Dunque avevamo almeno un paio di soldati a proteggerci per ogni evenienza, riflettei. Tutto sommato sembrava che la sicurezza delle ragazze non fosse presa sottogamba.
'Hai un'ora precisa.', aggiunse la guardia. 'Non un minuto di più.'
'Sissignore.', fu la risposta.
Entrammo in un cortile tappezzato di edifici lunghi e bassi, ciascuno dei quali custodito da altre due guardie. Il ragazzo mi condusse verso il primo degli edifici e spinse la porta, rivelando un lungo corridoio contornato da decine di stanze tutte uguali, le porte spalancate come a segnalare che erano libere. Lui scelse la prima a sinistra e mi fece cenno di entrare, lasciandomi bruscamente la mano. Obbedii. Mi guardai intorno: era una stanza piccola, come mobile solo un letto che la occupava quasi tutta. Il legno sembrava robusto, le lenzuola perfettamente pulite -il rischio di malattie era sempre incombente, guai ad aumentarlo lavando la biancheria senza criterio.
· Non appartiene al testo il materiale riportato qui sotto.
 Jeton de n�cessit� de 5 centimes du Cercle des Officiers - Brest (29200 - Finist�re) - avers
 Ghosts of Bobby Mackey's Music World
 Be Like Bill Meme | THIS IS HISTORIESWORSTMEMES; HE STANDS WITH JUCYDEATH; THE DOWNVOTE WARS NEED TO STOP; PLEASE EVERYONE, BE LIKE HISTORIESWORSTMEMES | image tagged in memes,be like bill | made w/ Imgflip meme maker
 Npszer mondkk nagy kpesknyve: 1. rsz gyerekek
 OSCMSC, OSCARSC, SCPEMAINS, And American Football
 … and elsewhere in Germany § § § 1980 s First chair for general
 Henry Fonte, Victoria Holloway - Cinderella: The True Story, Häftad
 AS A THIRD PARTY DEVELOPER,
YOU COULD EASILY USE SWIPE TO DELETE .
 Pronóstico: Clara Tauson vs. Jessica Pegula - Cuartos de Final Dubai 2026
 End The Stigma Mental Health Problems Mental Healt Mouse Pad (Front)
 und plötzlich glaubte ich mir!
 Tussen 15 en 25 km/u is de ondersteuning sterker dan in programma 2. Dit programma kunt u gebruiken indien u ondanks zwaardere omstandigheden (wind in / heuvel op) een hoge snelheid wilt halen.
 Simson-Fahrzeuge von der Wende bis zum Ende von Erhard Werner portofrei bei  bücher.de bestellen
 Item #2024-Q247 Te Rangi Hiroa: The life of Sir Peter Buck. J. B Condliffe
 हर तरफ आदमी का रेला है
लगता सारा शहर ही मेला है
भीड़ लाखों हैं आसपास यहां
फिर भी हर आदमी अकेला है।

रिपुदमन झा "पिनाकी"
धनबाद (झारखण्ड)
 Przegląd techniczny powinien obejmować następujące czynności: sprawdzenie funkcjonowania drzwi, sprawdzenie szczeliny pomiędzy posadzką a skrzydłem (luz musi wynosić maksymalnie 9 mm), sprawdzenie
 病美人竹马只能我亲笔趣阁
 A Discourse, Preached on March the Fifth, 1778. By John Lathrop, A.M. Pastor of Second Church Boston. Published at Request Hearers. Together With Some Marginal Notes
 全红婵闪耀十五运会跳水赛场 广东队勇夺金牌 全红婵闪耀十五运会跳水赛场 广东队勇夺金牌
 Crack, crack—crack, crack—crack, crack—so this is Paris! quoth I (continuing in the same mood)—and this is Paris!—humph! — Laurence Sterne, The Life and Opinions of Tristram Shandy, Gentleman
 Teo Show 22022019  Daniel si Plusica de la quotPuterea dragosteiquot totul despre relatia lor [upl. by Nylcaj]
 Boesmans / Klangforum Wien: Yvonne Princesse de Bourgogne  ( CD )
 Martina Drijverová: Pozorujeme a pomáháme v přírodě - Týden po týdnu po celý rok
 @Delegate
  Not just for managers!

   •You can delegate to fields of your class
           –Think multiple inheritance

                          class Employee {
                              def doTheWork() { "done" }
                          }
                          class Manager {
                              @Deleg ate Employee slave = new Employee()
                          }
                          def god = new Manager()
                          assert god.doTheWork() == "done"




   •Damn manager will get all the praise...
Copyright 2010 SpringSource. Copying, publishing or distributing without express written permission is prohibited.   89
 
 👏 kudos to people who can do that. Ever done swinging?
Nessuno voleva un bambino malsano, dunque tutto si doveva svolgere all'insegna dell'igiene. C'era una finestrella col davanzale scavato nel muro che faceva anche da scaffale: sopra di esso, una candela accesa, e accanto una scatola con altre candele e un acciarino. Era questa l'unica fonte di luce; riuscivo a malapena a vedere il viso del ragazzo nella penombra. Tutto era funzionale alla nostra necessità, nulla di più e nulla di meno. In caserma tutto si svolgeva con la massima efficienza.
Lui chiuse cautamente la porta alle proprie spalle. Io rimasi ferma dov'ero, incerta su come muovermi. Dovevo sdraiarmi sul letto? Spogliarmi? Aspettare che fosse lui a prendere l'iniziativa? Ma lui sembrava confuso quanto me, cosa che mi fece provare un moto d'irritazione: perché non si sbrigava? Non era certo per divertirmi che mi trovavo in quella situazione frustrante. Mi aveva condotto fino a quel punto e adesso stava lì a girarsi i pollici. Mi accorsi mio malgrado di essermi aspettata che mi saltasse addosso appena chiusa quella maledetta porta. Ma dopotutto che ne sapevo? Perché, poi? Solo perché era un uomo? Tutti gli uomini perdevano la testa in queste situazioni?
Non lo sapevo, e non sapevo che fare. Alla fine mi sedetti sul letto con un tonfo. Lui mi imitò. Aveva sempre quell'espressione concentrata. Si spogliò. Mi tolse lentamente la camicia da notte, indugiando su ogni laccio. Io aspettati pazientemente. Allungò la mano, sfiorandomi la spalla. Mi adagiò delicatamente sul materasso. Si sdraiò sopra di me, guardandomi negli occhi.
Poi si sciolse in lacrime.


Note:

(I)
*Secondo Platone, l'occupazione di una persona doveva riflettere la sa naturale inclinazione:
I filosofi, che governavano, avevano un'anima "d'oro", inclini alla saggezza e alla giutizia.
I soldati avevano un'anima "d'argento", pronti al coraggio e alla disciplina stoica.
I contadini e gli atrigiani avevano un'anima "di bronzo", senza particolari qualità se non la temperanza, la capacità umana di suordinare l'istinto alla ragione.

(II)
Questo mondo ricalca la poleis greca, ma non è assolutamnte identico ad essa. Per questo i nomi sono simili a quelli greci, per la maggior parte presi dal mito, ma non rigorosamente identici: Rossane era un nome persiano, Filomele un nome femminile.